More than one-third of these individuals express a high degree of favorability toward full online programs, with an additional 38% expressing some degree of favorability.

Remote Workers’ Initiative

Notably, employed adults working remotely display the highest inclination to be currently enrolled in programs aimed at switching careers. This trend is indicative of the changing nature of work in the post-pandemic era.

Obstacles for Adults Returning to College

Despite the indisputable merits of returning to college, working adults encounter specific challenges when contemplating this choice.

The 2019 survey conducted by Champlain College Online indicates that approximately 75% of adults without a bachelor’s degree express concerns about the financial burden of education.

Furthermore, concerns regarding student loans are widespread due to the rising costs of tuition and the burden of debts. Full Circle Research also supports all of these factors.

These financial worries are normal and create serious hurdles for those considering a return to college.

Making Higher Education More Affordable for Adults

Now that we’ve addressed the concerns raised about the financial barriers and obstacles adults encounter when considering returning to college let’s explore potential solutions and support mechanisms to make higher education more accessible.

Favorable Interest Rates

Federal student loans come with comparatively low-interest rates, offering a better chance to pursue higher education.

Prospective students should thoroughly explore federal loan options to enhance the affordability of their educational journey.

Flexible Payment Options

Federal student loans provide a spectrum of adaptable payment plans, encompassing income-based alternatives and loan forgiveness programs tailored for specific sectors.

These choices can substantially reduce the financial burden associated with student loans.

Financial Aid

Adults contemplating a return to college should actively seek out grants and scholarships designed to alleviate educational costs.

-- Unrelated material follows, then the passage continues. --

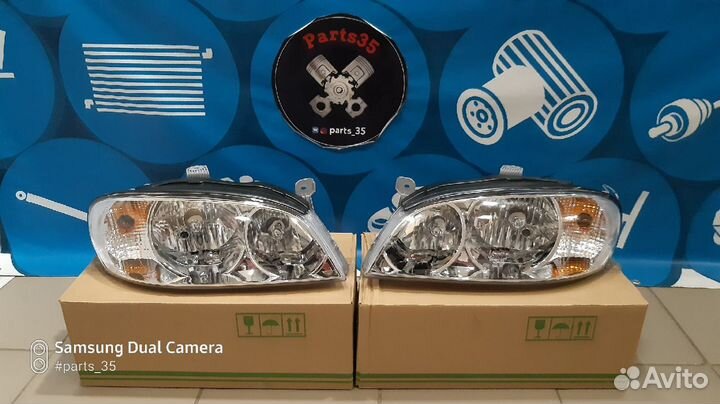 Фара передняя левая/правая KIA Spectra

Many of these financial aid are tailored to adult learners, and since they don’t necessitate repayment, they can render the pursuit of a degree financially attainable.

Overcoming Barriers and Achieving Success

In a report from 2019, the National Student Clearinghouse (NSC) Research Center provided some insights.

It was observed that approximately one million Americans who had previously dropped out of college returned to school in the past five years and earned undergraduate degrees or certificates.

This suggests that many adults are contemplating a return to college and successfully becoming graduate students.

The NSC data also revealed the demographics of these “Some College, No Degree” (SCND) students. An average SCND student is 39 years old, with 51% of them being women.

This diverse group of learners left postsecondary institutions about a decade ago, with 53% dropping out before completing two years of study.

Overall, approximately 3.5 million potential completers are in this cohort, which underscores the untapped potential in the adult education landscape.

While the statistics reveal the challenges and motivations of adults returning to college, they also highlight success stories.

A new report from 2018 by the NSC Research Center indicates that despite personal obstacles and financial hurdles, more than half of the 3.8 million students who returned to college between 2013 and 2018 have either earned a degree or credential or are actively pursuing one.

This finding underlines the resilience and determination of adults who embark on this educational journey.

Final Thoughts on Adults Returning to College Statistics

It is evident from the above discussion and statistics that traditional education and colleges will be relevant for the foreseeable future. This provides further justification for the continued enrollment of adults in higher education institutions after a decade.

The need to develop their skills, change careers, or grow more in their current career—all of these are relevant as motivation for return.

Despite the financial burdens, traditional education in the college structure is still relevant in 2023.

Keeping abreast of the scholarship and funding opportunities can make the journey of returning adults much smoother.